Does sound show wave-particle duality? We know that light and electrons both show wave-particle duality. Or in other words we can say that they can be both seen as a wave and a particle. Can a similar theory be applicable for sound? Can sound also be explained as a particle as well as a wave?
 A: The notion you should look up and learn about is the phonon. It is a quasiparticle that arises in the quantum description of acoustics in condensed matter. The description is simplest and clearest in regular lattices of atoms / quantum particles, so it doesn't work so well for sound in a gas. But phonons can be thought of as quantums of sound in solid lattices.
Basically, a lattice is modelled as a system of coupled quantum harmonic oscillators, whose Schrödinger equation is very like a classical model of point masses linked by ideal massless springs. The system has eigenmodes with natural frequencies $\omega_j$, and the energy level of $j^{th}$ eigenmode can change only by integer multiples of $\hbar\,\omega_j$, whilst its ground state has energy $\frac{1}{2}\,\hbar\,\omega_j$. The quantum of this energy change $\hbar\,\omega_j$ corresponds to the phonons of the acoustic eigenmode in question.
A: To plainly put what WetSavannaAnimal have said. Yes, sound waves can behave like a particle. When sound wave have enough energy to excite the particles that is use for traveling to their excited state, the sound wave becomes a Phonon.

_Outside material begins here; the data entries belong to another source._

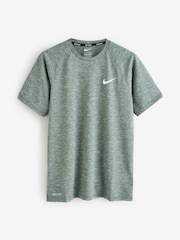 Nike Green Short Sleeve Hydroguard Rash T-Shirt - Image 4 of 4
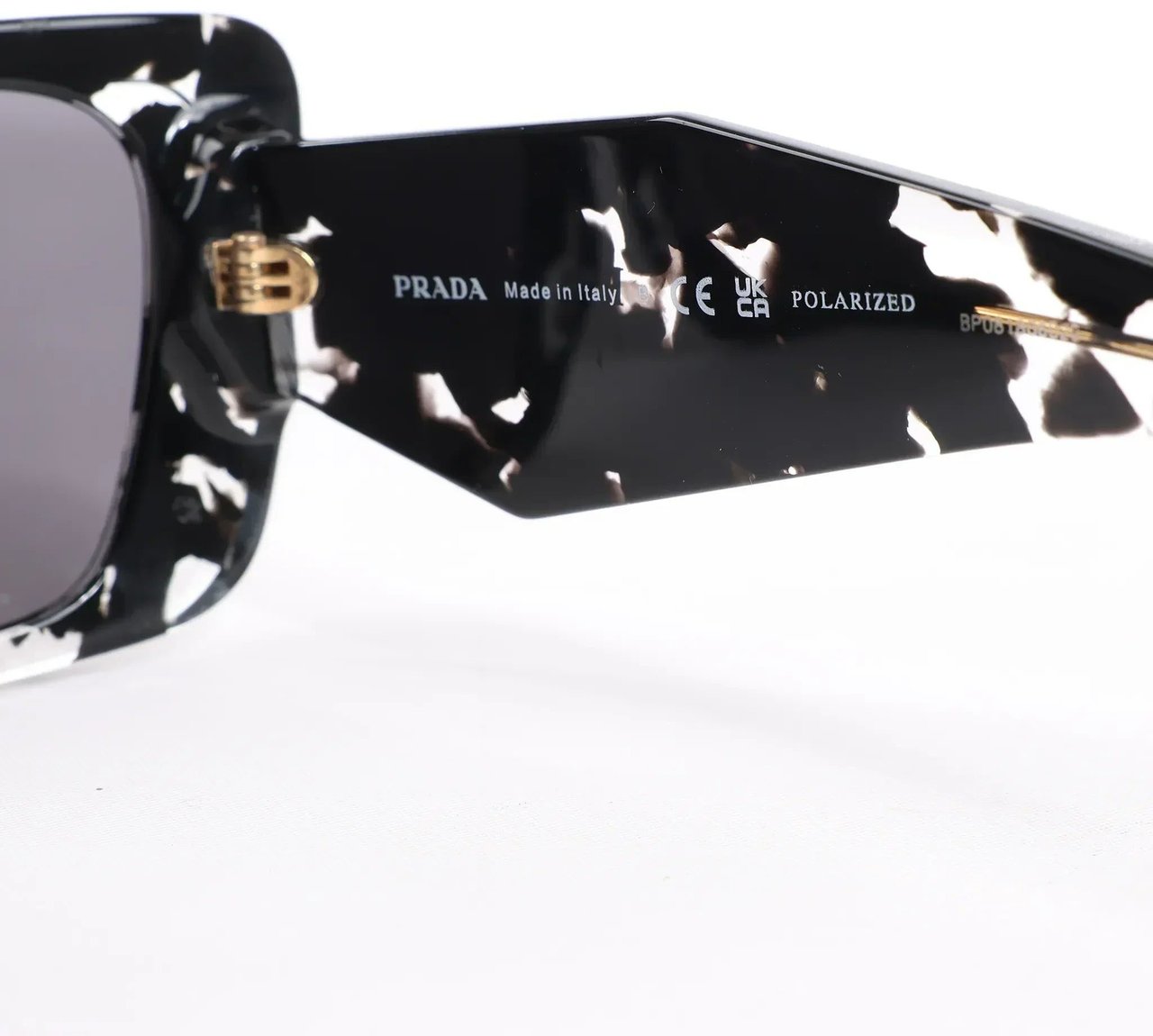 Prada Cat Eye-Frame Sunglasses in Black PR 08Y Zwart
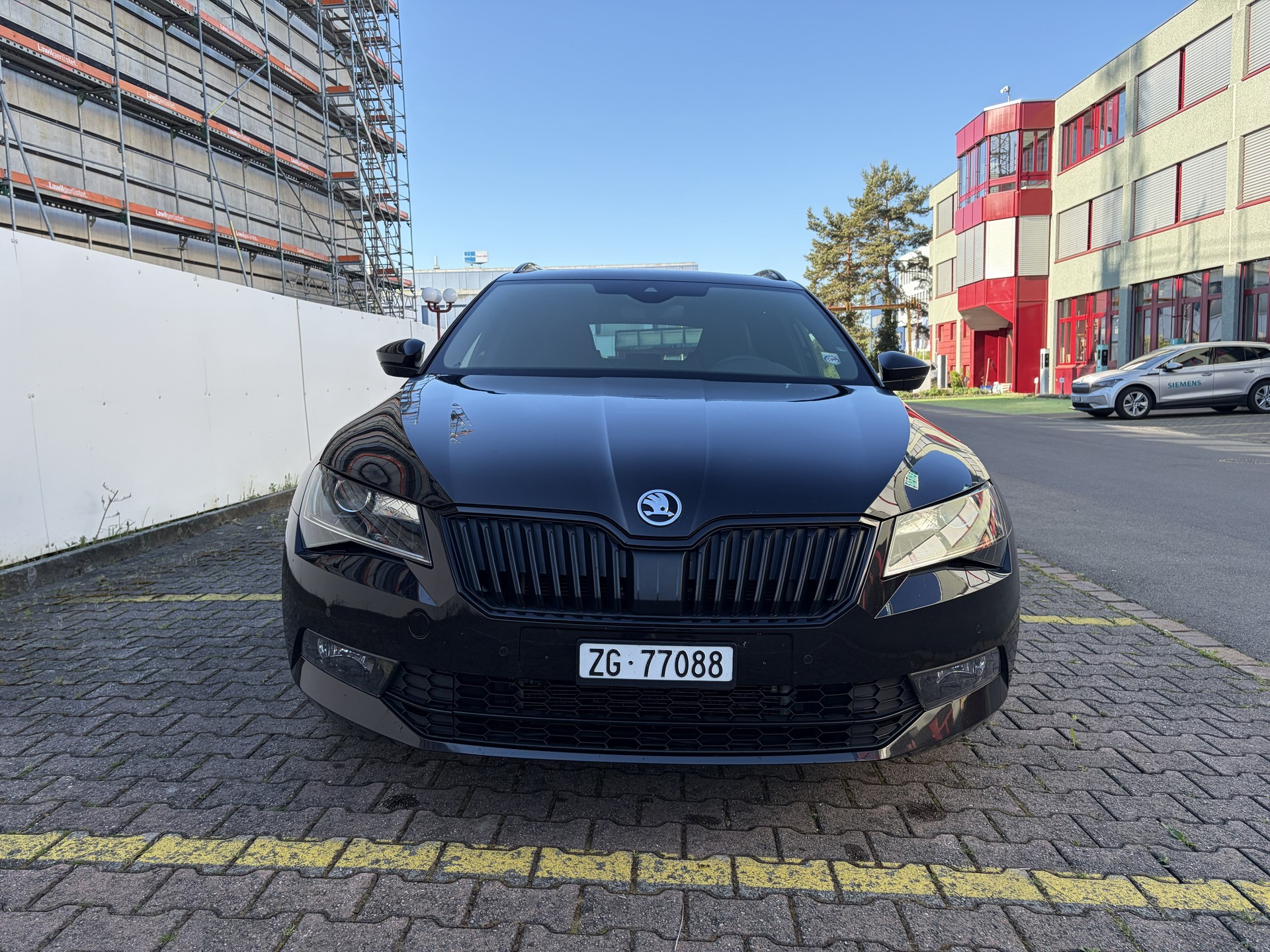 SKODA Superb Combi 2.0 TDi SportLine 4x4 DSG-image-3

Phonons act like particles that oscillates relative to each other and no longer function like a wave.
A: no, in the macroscopic world of ordinary mass, sound is adequately and completely understood as just the transmission of air (or other media) alternating densities caused by the vibration of the source. There are no particles being transmitted at all, just as a wave on the surface of a body of water does not imply movement of particles themselves propagating the wave. Sound is not composed of elementary particles.